Oxlee's penchant for unpredictable play was acknowledged by the captain of the 1962 British Lions, Arthur Smith, who said that "the problem with Oxlee is that you never know what the blighter will be doing next."

To celebrate Oxlee's retirement from provincial rugby in 1967, Natal held a farewell game in which they defeated by 32–22 a South African Barbarians team that fielded 10 Springboks. Oxlee was later appointed provincial selector, but was enticed to come out of retirement at the age of 36 to "guide a young backline" for four matches in 1971.
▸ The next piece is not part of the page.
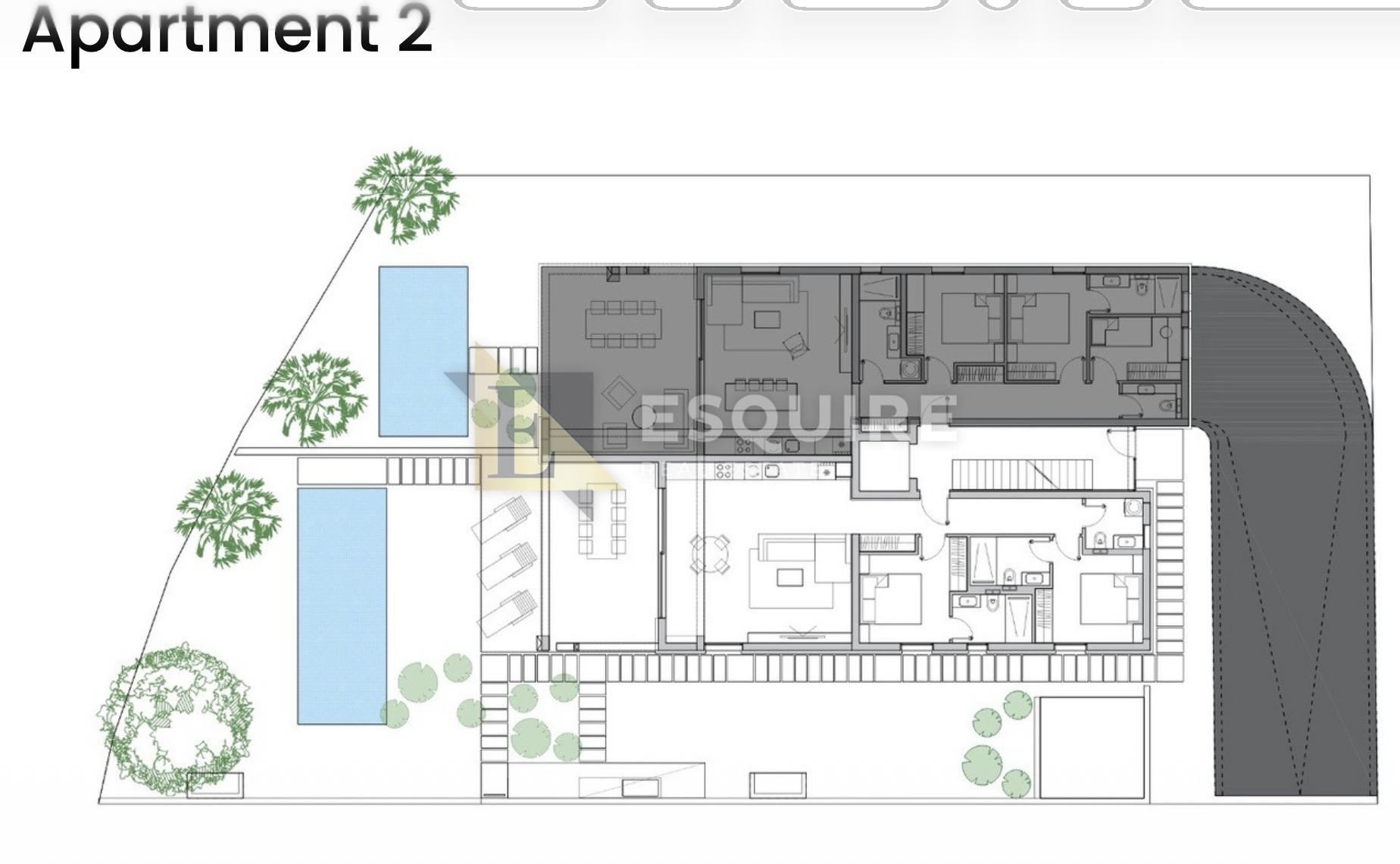 Apartmán Na prodej -  Diklo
In 2009 Oxlee was nominated for inclusion in the IRB Hall of Fame.

== Test history ==

| Opponents | Results (RSA 1st) | Position | Points | Dates | Venue |
|---|---|---|---|---|---|
| New Zealand | 13–0 | Fly-half | – | 25 June 1960 | Ellis Park, Johannesburg |
| New Zealand | 3–11 | Fly-half | 3 (try) | 23 July 1960 | Newlands Stadium, Cape Town |
| New Zealand | 11–11 | Fly-half | 3 (try) | 11 August 1960 | Free State Stadium, Bloemfontein |
| New Zealand | 8–3 | Fly-half | – | 27 August 1960 | EPRU Stadium, Port Elizabeth |
| Wales | 3–0 | Fly-half | 3 (pen. ) | 3 December 1960 | National Stadium, Cardiff |
| Ireland | 8–3 | Fly-half | – | 17 December 1960 | Lansdowne Road, Dublin |
| Scotland | 12–5 | Fly-half | – | 21 January 1961 | Murrayfield Stadium, Edinburgh |
| Australia | 28–3 | Fly-half | – | 5 August 1961 | Ellis Park, Johannesburg |
| Australia | 23–11 | Fly-half | 14 (try, 3 pen., 1 conv.) | 12 August 1961 | EPRU Stadium, Port Elizabeth |
| British & Irish Lions | 3–3 | Fly-half | – | 23 June 1962 | Ellis Park, Johannesburg |
| British & Irish Lions | 3–0 | Fly-half | 3 (pen. ) | 21 July 1962 | Kings Park Stadium, Durban |
| British & Irish Lions | 8–3 | Fly-half | 8 (try, 1 pen., 1 conv.) | 4 August 1962 | Newlands Stadium, Cape Town |
| British & Irish Lions | 34–14 | Fly-half | 16 (2 pen., 5 conv.) | 25 August 1962 | Free State Stadium, Bloemfontein |
| Australia | 14–3 | Fly-half | 8 (2 pen., 1 conv.) | 3 July 1963 | Loftus Versfeld Stadium, Pretoria |
| Australia | 5–9 | Fly-half | 2 (1 conv.) | 10 August 1963 | Newlands Stadium, Cape Town |
| Australia | 22–6 | Fly-half | 10 (2 pen. & 2 conv.) | 7 September 1963 | EPRU Stadium, Port Elizabeth |
| Wales | 24–3 | Fly-half | 12 (2 pen., 3 conv.) | 23 May 1964 | Kings Park Stadium, Durban |
| New Zealand | 6–3 | Fly-half | 3 (drop) | 31 July 1965 | Athletic Park, Wellington |
| New Zealand | 0–13 | Fly-half | – | 21 August 1965 | Carisbrook, Dunedin |

Legend: pen.= penalty (3 pts.); conv. = conversion (2 pts.), drop = drop kick (3 pts.).

== Personal life ==
Oxlee was married to Barbara, with whom he had a son, Grant, and a daughter, Leanne. He worked as sales representative for Protea Industrial Chemicals in Durban for two decades. He maintained his physical fitness and completed two Comrades Marathons and played in touch rugby tournaments. An adept lawn bowler, Oxlee once defeated the national champion.

Oxlee died in 1998 at the age of 63 from a blood clot after complications following a hip operation. At the next outing of Natal in the Currie Cup competition, both teams maintained a minute of silence to commemorate Oxlee's passing.